[Stored records]
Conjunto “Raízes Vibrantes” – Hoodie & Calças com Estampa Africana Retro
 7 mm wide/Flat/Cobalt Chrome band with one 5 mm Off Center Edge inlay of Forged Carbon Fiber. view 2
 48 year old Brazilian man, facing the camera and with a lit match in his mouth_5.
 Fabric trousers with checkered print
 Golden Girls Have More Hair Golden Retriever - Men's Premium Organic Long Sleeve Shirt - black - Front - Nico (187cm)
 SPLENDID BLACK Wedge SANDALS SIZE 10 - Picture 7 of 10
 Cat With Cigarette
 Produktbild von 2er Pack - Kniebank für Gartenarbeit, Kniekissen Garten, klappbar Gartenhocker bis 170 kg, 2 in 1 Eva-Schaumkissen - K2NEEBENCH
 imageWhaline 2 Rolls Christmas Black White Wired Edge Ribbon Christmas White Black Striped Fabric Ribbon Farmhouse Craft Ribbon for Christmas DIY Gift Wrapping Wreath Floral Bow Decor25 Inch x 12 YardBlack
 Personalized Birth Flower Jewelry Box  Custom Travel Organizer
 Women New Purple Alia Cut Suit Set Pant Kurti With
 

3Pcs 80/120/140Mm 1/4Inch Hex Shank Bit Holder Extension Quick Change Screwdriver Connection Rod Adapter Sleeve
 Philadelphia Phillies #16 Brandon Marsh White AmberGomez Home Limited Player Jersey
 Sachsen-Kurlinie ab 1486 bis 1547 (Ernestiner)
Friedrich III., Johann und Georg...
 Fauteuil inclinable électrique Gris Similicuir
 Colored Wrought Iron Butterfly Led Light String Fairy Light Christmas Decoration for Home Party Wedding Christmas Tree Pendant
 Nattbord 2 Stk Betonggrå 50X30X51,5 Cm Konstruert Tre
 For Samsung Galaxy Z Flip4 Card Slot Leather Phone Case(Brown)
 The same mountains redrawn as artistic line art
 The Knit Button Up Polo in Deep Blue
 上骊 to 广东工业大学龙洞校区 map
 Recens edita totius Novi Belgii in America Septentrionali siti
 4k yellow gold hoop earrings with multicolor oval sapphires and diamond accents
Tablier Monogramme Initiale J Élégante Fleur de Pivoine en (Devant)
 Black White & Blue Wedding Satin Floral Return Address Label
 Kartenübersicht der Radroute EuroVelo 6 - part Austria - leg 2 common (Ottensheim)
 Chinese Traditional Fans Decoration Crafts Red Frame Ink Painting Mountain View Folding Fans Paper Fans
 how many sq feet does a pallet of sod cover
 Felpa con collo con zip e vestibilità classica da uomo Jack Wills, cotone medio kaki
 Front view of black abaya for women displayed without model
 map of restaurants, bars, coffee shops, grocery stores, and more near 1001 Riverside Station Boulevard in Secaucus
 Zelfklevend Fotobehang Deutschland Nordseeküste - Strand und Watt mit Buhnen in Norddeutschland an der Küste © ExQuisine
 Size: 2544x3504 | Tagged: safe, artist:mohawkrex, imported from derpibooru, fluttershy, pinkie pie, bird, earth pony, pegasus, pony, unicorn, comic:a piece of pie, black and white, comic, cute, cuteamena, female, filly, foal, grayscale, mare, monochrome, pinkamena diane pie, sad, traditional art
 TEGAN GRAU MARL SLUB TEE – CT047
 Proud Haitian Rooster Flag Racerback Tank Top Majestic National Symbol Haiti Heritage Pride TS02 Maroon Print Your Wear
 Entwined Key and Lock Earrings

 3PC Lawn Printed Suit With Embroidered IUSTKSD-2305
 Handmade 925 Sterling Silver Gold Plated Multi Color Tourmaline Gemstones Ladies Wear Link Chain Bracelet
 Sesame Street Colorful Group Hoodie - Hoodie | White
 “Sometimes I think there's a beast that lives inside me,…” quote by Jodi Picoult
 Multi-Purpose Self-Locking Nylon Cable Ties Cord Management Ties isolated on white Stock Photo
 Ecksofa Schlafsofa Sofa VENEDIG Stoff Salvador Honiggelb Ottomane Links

» **REQUIREMENT**
Only an exact transcription of all the records above counts as an answer.

» **COMPLETED TASK**
Conjunto “Raízes Vibrantes” – Hoodie & Calças com Estampa Africana Retro
 7 mm wide/Flat/Cobalt Chrome band with one 5 mm Off Center Edge inlay of Forged Carbon Fiber. view 2
 48 year old Brazilian man, facing the camera and with a lit match in his mouth_5.
 Fabric trousers with checkered print
 Golden Girls Have More Hair Golden Retriever - Men's Premium Organic Long Sleeve Shirt - black - Front - Nico (187cm)
 SPLENDID BLACK Wedge SANDALS SIZE 10 - Picture 7 of 10
 Cat With Cigarette
 Produktbild von 2er Pack - Kniebank für Gartenarbeit, Kniekissen Garten, klappbar Gartenhocker bis 170 kg, 2 in 1 Eva-Schaumkissen - K2NEEBENCH
 imageWhaline 2 Rolls Christmas Black White Wired Edge Ribbon Christmas White Black Striped Fabric Ribbon Farmhouse Craft Ribbon for Christmas DIY Gift Wrapping Wreath Floral Bow Decor25 Inch x 12 YardBlack
 Personalized Birth Flower Jewelry Box  Custom Travel Organizer
 Women New Purple Alia Cut Suit Set Pant Kurti With
 

3Pcs 80/120/140Mm 1/4Inch Hex Shank Bit Holder Extension Quick Change Screwdriver Connection Rod Adapter Sleeve
 Philadelphia Phillies #16 Brandon Marsh White AmberGomez Home Limited Player Jersey
 Sachsen-Kurlinie ab 1486 bis 1547 (Ernestiner)
Friedrich III., Johann und Georg...
 Fauteuil inclinable électrique Gris Similicuir
 Colored Wrought Iron Butterfly Led Light String Fairy Light Christmas Decoration for Home Party Wedding Christmas Tree Pendant
 Nattbord 2 Stk Betonggrå 50X30X51,5 Cm Konstruert Tre
 For Samsung Galaxy Z Flip4 Card Slot Leather Phone Case(Brown)
 The same mountains redrawn as artistic line art
 The Knit Button Up Polo in Deep Blue
 上骊 to 广东工业大学龙洞校区 map
 Recens edita totius Novi Belgii in America Septentrionali siti
 4k yellow gold hoop earrings with multicolor oval sapphires and diamond accents
Tablier Monogramme Initiale J Élégante Fleur de Pivoine en (Devant)
 Black White & Blue Wedding Satin Floral Return Address Label
 Kartenübersicht der Radroute EuroVelo 6 - part Austria - leg 2 common (Ottensheim)
 Chinese Traditional Fans Decoration Crafts Red Frame Ink Painting Mountain View Folding Fans Paper Fans
 how many sq feet does a pallet of sod cover
 Felpa con collo con zip e vestibilità classica da uomo Jack Wills, cotone medio kaki
 Front view of black abaya for women displayed without model
 map of restaurants, bars, coffee shops, grocery stores, and more near 1001 Riverside Station Boulevard in Secaucus
 Zelfklevend Fotobehang Deutschland Nordseeküste - Strand und Watt mit Buhnen in Norddeutschland an der Küste © ExQuisine
 Size: 2544x3504 | Tagged: safe, artist:mohawkrex, imported from derpibooru, fluttershy, pinkie pie, bird, earth pony, pegasus, pony, unicorn, comic:a piece of pie, black and white, comic, cute, cuteamena, female, filly, foal, grayscale, mare, monochrome, pinkamena diane pie, sad, traditional art
 TEGAN GRAU MARL SLUB TEE – CT047
 Proud Haitian Rooster Flag Racerback Tank Top Majestic National Symbol Haiti Heritage Pride TS02 Maroon Print Your Wear
 Entwined Key and Lock Earrings

 3PC Lawn Printed Suit With Embroidered IUSTKSD-2305
 Handmade 925 Sterling Silver Gold Plated Multi Color Tourmaline Gemstones Ladies Wear Link Chain Bracelet
 Sesame Street Colorful Group Hoodie - Hoodie | White
 “Sometimes I think there's a beast that lives inside me,…” quote by Jodi Picoult
 Multi-Purpose Self-Locking Nylon Cable Ties Cord Management Ties isolated on white Stock Photo
 Ecksofa Schlafsofa Sofa VENEDIG Stoff Salvador Honiggelb Ottomane Links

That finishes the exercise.